Essa suplantaria aquela que fora a até então mais perversa farsa científica de todos os tempos e que foi chamada de “o engodo do homem de Piltdown”. Em 1908, foram descobertos alguns ossos de membros, de maxilar e do crânio de um “primata” por operários em uma caverna. Os indícios eram de que poderiam constituir aquilo que se buscava incessantemente, “o elo perdido” que provaria definitivamente a ascendência do macaco em relação ao homem e, consequentemente, a própria teoria da evolução de Darwin.
Nas décadas seguintes, novas evidências foram adicionadas. Até que um dia, 40 ou 50 anos mais tarde, algumas dúvidas afloraram e finalmente prova definitiva da fraude foi exposta. Dentes haviam sido maquiados e ossos de primatas diversos, inclusive Homo sapiens, preparados e incluídos, compondo assim um indivíduo híbrido.
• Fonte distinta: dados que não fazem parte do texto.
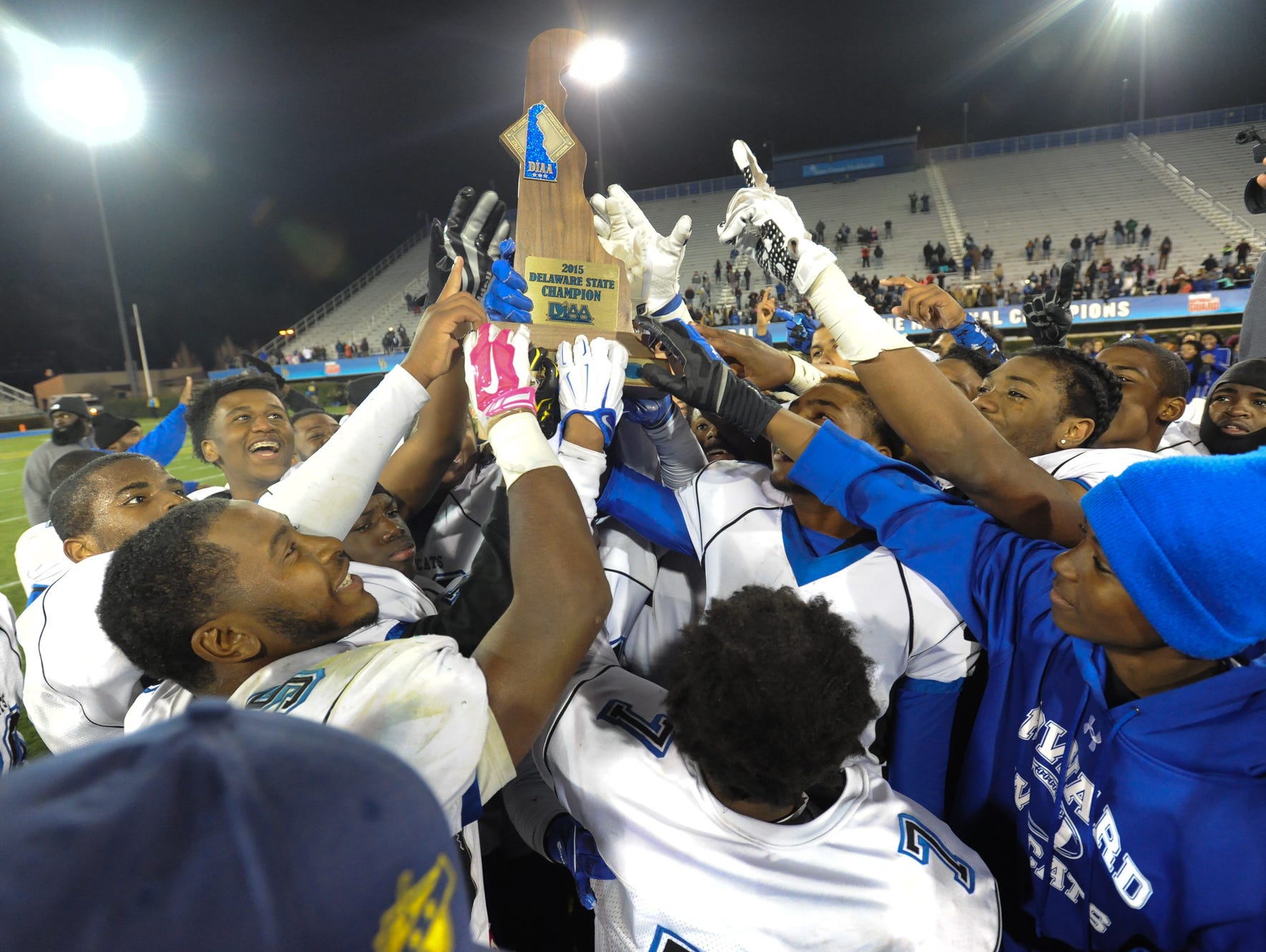 Howard players celebrate their 28-13 win over St. Georges in the DIAA Division II championship game Saturday night at Delaware Stadium.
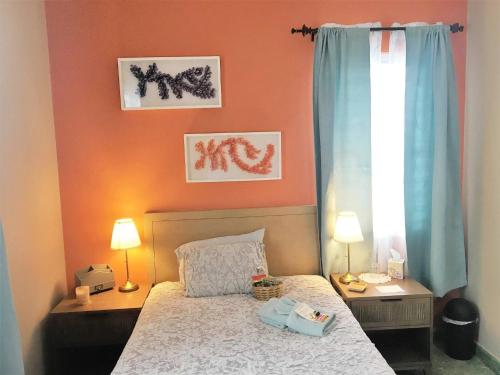 Un dormitorio con una cama y dos lámparas y una ventana. en 1 Cozy Private Room in San Juan with Garden View, en San Juan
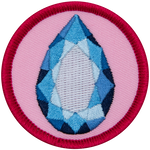 A sapphire surrounded by a ring of yellow on a pink background.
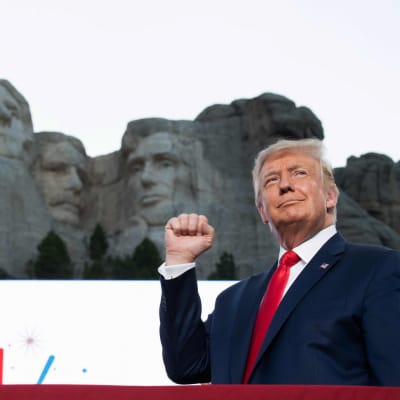 Trump i kostym gör en knytnävsgest med ena handen framför Mount Rushmore.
O principal autor fora o descobridor inicial, Charles Dawson, mas muitos cientistas ilustres, inclusive o jovem e brilhante Teilhard de Chardin, foram acusados de participação acessória.
A mais benevolente interpretação é a de que, com tais provas, derrotar-se-iam as resistências de cristãos e de suas igrejas à teoria da evolução.
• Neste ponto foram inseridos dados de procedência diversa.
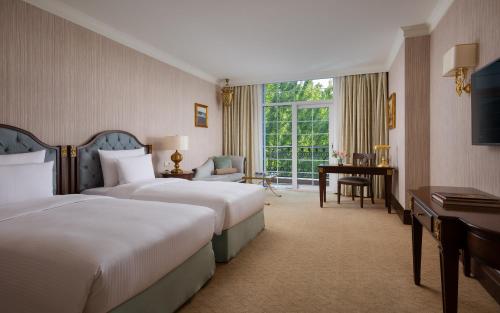 Кровать или кровати в номере Rixos Almaty Отель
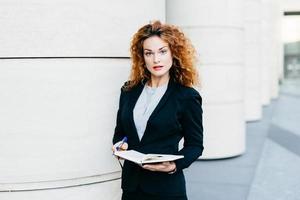 Horizontal portrait of serious pretty businesswoman with curly hair, thin eyebrows and curly hair, wearing black suit and white blouse, holding notebook with pen in hands, looking directly into camera photo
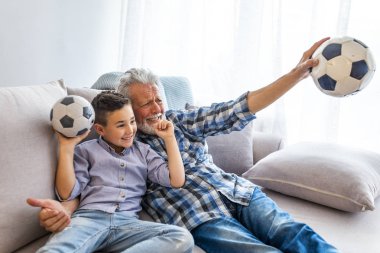 Dedesi ile kanepede küçük çocuk, bir futbol oyunu için tezahürat ve bir futbol topu tutan. Dedesi ile kanepede küçük çocuk, bir futbol oyunu için tezahürat ve evde bir futbol topu tutarak... 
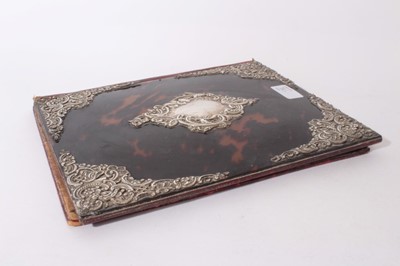 Lot 321 - Victorian leather stationary box with Tortoiseshell and silver mounts, sloped hinged cover opening to reveal fitted interior, together with a similar desk blotter, (London 1892), Maker, William Com...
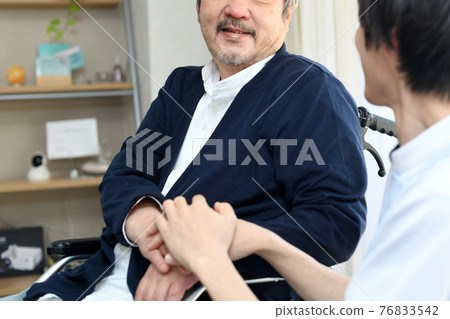 White-haired senior (middle-aged) man having a conversation 76833542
Com a demonstração de que o homem de Piltdown era um embuste, poder-se-ia concluir que o criacionismo seria a verdade triunfante. Ou seja, Adão foi feito de barro há cerca de 5.000 anos e sua mulher brotou de sua costela como um cogumelo.
Pode parecer ridícula essa conclusão, mas é exatamente isso o que os chamados céticos estão fazendo com relação ao efeito estufa atmosférico.
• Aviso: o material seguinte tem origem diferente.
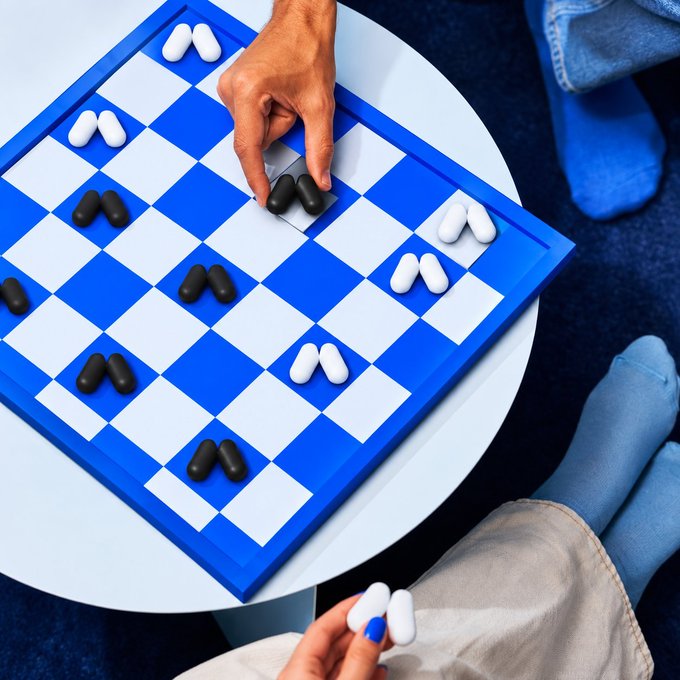An overhead view shows two people playing a creative chess game on a blue and white checkered board, using pill-shaped objects as game pieces—white pills for one player and black pills for the other.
Como um especialista se jactou de ter “preparado” resultados, concluem esses senhores que não há efeito estufa atmosférico e que, portanto, os milhões de cientistas que acreditam na sua existência são uns idiotas e só eles, os céticos, os pouquíssimos iluminados com o toque da divindade suprema, como Moisés, tiveram acesso à revelação.
Pois bem, no conturbado debate em torno do conflito religioso, ideológico e científico que se travou depois da publicação do livro de Darwin (“A Origem das Espécies”) e se estende até nossos dias, jamais um intelectual criacionista usou um argumento baseado na fraude do homem de Piltdown para defender suas convicções.
Talvez por elegância intelectual ou por simples inteligência, pois nenhum debatedor honesto usaria uma leviandade de um indivíduo ou mesmo de um grupo para desqualificar o trabalho sério e dedicado de milhares de autênticos pesquisadores e a convicção de milhões de cabeças pensantes. Apenas a vaidade arrogante e a irresponsabilidade intelectual acomodariam esse abuso contra a razão.
É também notável o fato de que, embora o Brasil possua alguns milhares de pesquisadores reconhecidos internacionalmente pela qualidade de suas pesquisas, qualidade esta evidenciada pelo número de citações na literatura internacional, nenhum dos poucos que rejeitam o aquecimento global se insira nesse abundante rol de qualificáveis como autênticos cientistas.
Rogério Cezar de Cerqueira Leite é professor emérito da Unicamp (Universidade Estadual de Campinas), presidente do Conselho de Administração da ABTLuS (Associação Brasileira de Tecnologia de Luz Síncrotron).